Collins also discusses the importance of modeling diseases using stem cells reprogrammed from adult cells, something we’ve blogged about frequently. Collins says:
If you're studying Parkinson disease, for instance, and you want to know what's really going on in the neurons, you probably don't want to do that by performing brain biopsies in people with Parkinson disease, but you could take a skin biopsy, convert those cells to IPS cells, and then add the appropriate cocktail, and differentiate those into dopamine-producing neurons; then, you have a pretty good model of what's going on in the brain. You could then use those neurons, and people like you are doing this, to be able to assess among a library of possible drugs what would be the one that would be most likely to make those neurons happy. That is now being done for dozens of diseases, using this as a model of doing drug screens without having to depend on animal models (which sometimes have misled us), without having to just hope for the best and expose patients to drugs with less evidence. This is profound, with lots of potential there.

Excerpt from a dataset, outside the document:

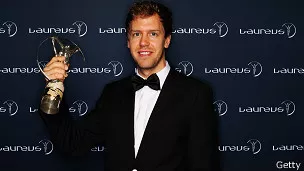 Vettel_laureus_304x171_getty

Collins goes on to talk about using stem cells—adult, iPS or embryonic—to directly treat disease:
At NIH, we have just started a new center for regenerative medicine on the campus, which has the use of our clinical center with its 240 research beds as a real possibility of pursuing cell therapy using stem cells. I don't know for which diseases this is going to work, but I bet it's going to work for some, and I bet it will be pretty transformative in the array of opportunity we have to treat diseases that are pretty frustrating right now.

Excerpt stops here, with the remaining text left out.